I want to prove that for a given $0<\alpha<N$ and for all $0<\varepsilon< N-\alpha$ there exists $C>0$ s.t.
$$ \Vert\vert x\vert^{-\alpha}\ast\vert u \vert^2\Vert_{L^\infty(\mathbb{R}^N)} \leq C\Vert u \Vert_{L^{\frac{2N}{N-\alpha-\varepsilon}}(\mathbb{R}^N)}\Vert u \Vert_{L^{\frac{2N}{N-\alpha+\varepsilon}}(\mathbb{R}^N)} $$
This sounds familiar to the Young's convolution inequality, the problem is the singularity of $\vert x \vert ^{-\alpha}$. One teacher told me to try to write the definition of convolution, separate it (distinguishing between inside and outside of a ball $B(0,R)$ and apply Hölder inequality.
$$(\vert x\vert^{-\alpha}\ast\vert u \vert^2)(x) = \int_{\mathbb{R}^N} \frac{\vert u(y)\vert^2}{\vert x-y\vert^\alpha}\ dy = \int_{B(0,R)} \frac{\vert u(y)\vert^2}{\vert x-y\vert^\alpha}\ dy + \int_{\mathbb{R}^N\setminus B(0,R)} \frac{\vert u(y)\vert^2}{\vert x-y\vert^\alpha}\ dy $$
According to my teacher, after applying Hölder I must get something like
$$(\vert x\vert^{-\alpha}\ast\vert u \vert^2)(x) \leq A(R)\cdot(?) + B(R)\cdot(?)$$
Then he suggested me to minimize that function depending on R, $F(R)=A(R)\cdot(?) + B(R)\cdot(?)$
But I a stucked. Any help would be appreciated.

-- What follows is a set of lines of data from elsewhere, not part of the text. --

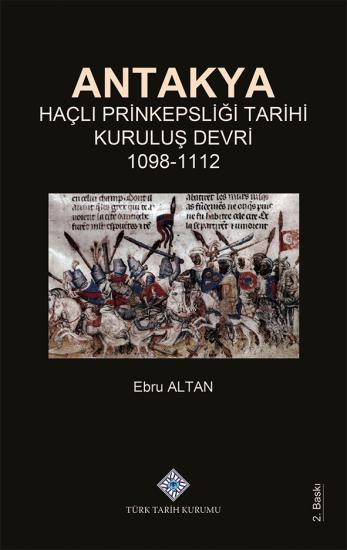 Türk Tarih Kurumu, Antakya Haçlı Prinkepsliği Tarihi Kuruluş Devri 1098-1112, Ebru Altan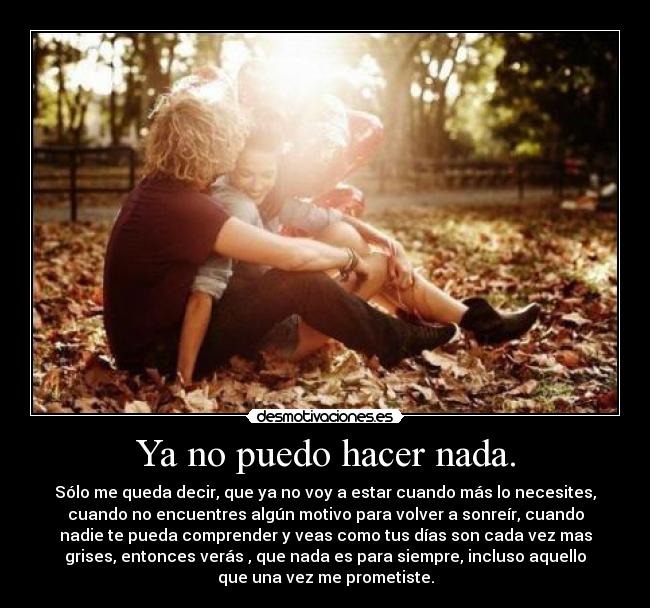 Ya no puedo hacer nada. - Sólo me queda decir, que ya no voy a estar cuando más lo necesites,
cuando no encuentres algún motivo para volver a sonreír, cuando
nadie te pueda comprender y veas como tus días son cada vez mas
grises, entonces verás , que nada es para siempre, incluso aquello
que una vez me prometiste.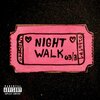 Micha - NIGHT WALK (Explicit)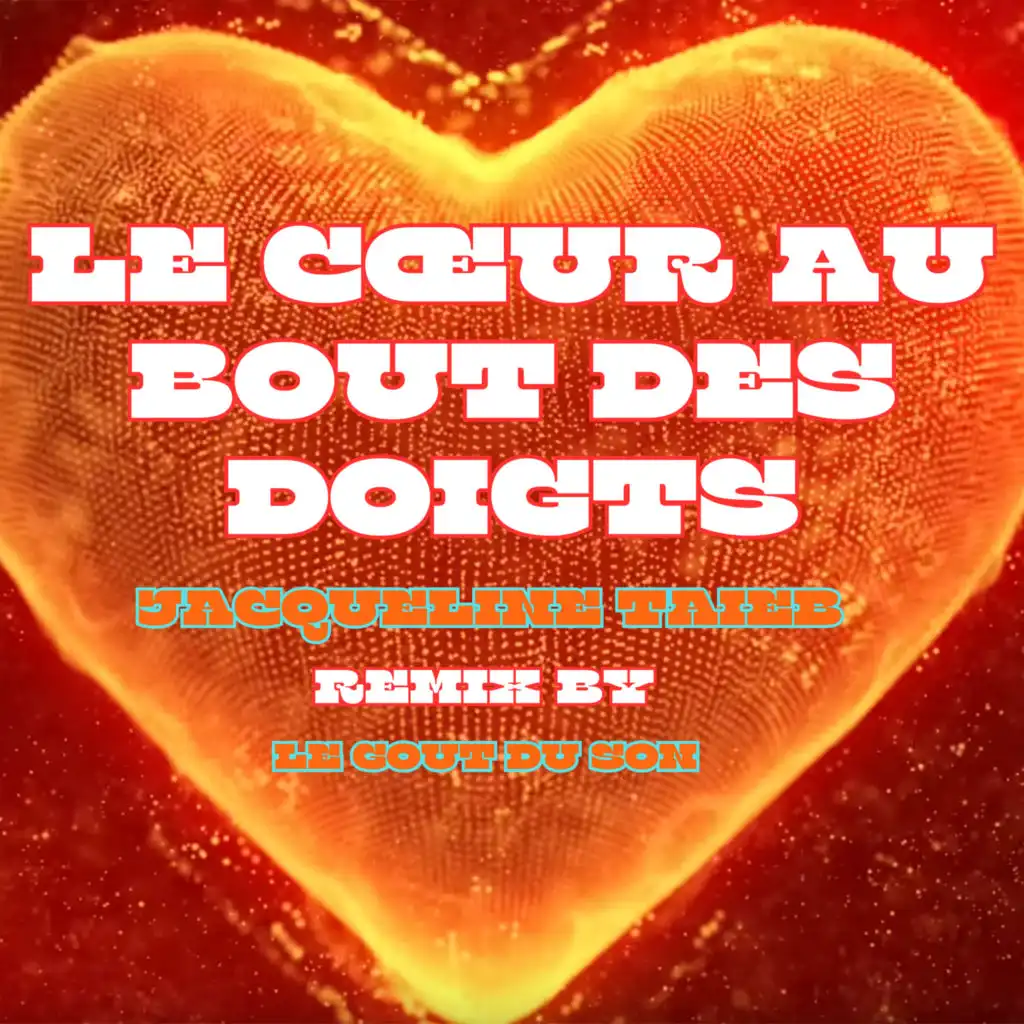 Le cœur au bout des doigts (Le Goût Du Son Remix)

Thanks in advance.
Best Answer
We may write for all $x$, $$ \int_{\mathbb{R}^N} \frac{\vert u(y)\vert^2}{\vert x-y\vert^\alpha}\ \mathrm dy = \int_{|x-y|>R} \frac{\vert u(y)\vert^2}{\vert x-y\vert^\alpha}\ \mathrm dy + \int_{|x-y|\le R} \frac{\vert u(y)\vert^2}{\vert x-y\vert^\alpha}\ \mathrm dy. $$ The first term can be estimated by Holder's inequality $$\begin{align*} \int_{|x-y|>R} \frac{\vert u(y)\vert^2}{\vert x-y\vert^\alpha}\ \mathrm dy&\le\left( \int_{|x-y|>R}\vert u(y)\vert^{\frac{2N}{N-\alpha+\epsilon}}\ \mathrm dy\right)^{\frac{N-\alpha+\epsilon}{N}}\left(\int_{|x-y|>R} \vert x-y\vert^{-\frac{\alpha N}{\alpha-\epsilon}}\ \mathrm dy\right)^{\frac{\alpha-\epsilon}N}\\ &\le \|u\|_{L^{\frac{2N}{N-\alpha+\epsilon}}}^{2}\left(\int_R^\infty r^{-1-\frac{N\epsilon}{\alpha-\epsilon}}\ \mathrm dr\right)^{\frac{\alpha-\epsilon}{N}}=\left(\frac{\alpha-\epsilon}{N\epsilon}\right)^{\frac{\alpha+\epsilon}{N}}R^{-\epsilon}\|u\|_{L^{\frac{2N}{N-\alpha+\epsilon}}}^{2}. \end{align*}$$ Similarly for the second term, we get $$\begin{align*} \int_{|x-y|\le R} \frac{\vert u(y)\vert^2}{\vert x-y\vert^\alpha}\ \mathrm dy&\le\left( \int_{|x-y|\le R}\vert u(y)\vert^{\frac{2N}{N-\alpha-\epsilon}}\ \mathrm dy\right)^{\frac{N-\alpha-\epsilon}{N}}\left(\int_{|x-y|\le R} \vert x-y\vert^{-\frac{\alpha N}{\alpha+\epsilon}}\ \mathrm dy\right)^{\frac{\alpha+\epsilon}N}\\ &\le \|u\|_{L^{\frac{2N}{N-\alpha-\epsilon}}}^{2}\left(\int_0^R r^{-1+\frac{N\epsilon}{\alpha+\epsilon}}\ \mathrm dr\right)^{\frac{\alpha+\epsilon}{N}}=\left(\frac{\alpha+\epsilon}{N\epsilon}\right)^{\frac{\alpha+\epsilon}{N}}R^{\epsilon}\|u\|_{L^{\frac{2N}{N-\alpha-\epsilon}}}^{2}. \end{align*}$$ Finally, by letting $$R^\epsilon =\frac{ \|u\|_{L^{\frac{2N}{N-\alpha+\epsilon}}}}{\|u\|_{L^{\frac{2N}{N-\alpha-\epsilon}}}},$$ we get the desired inequality.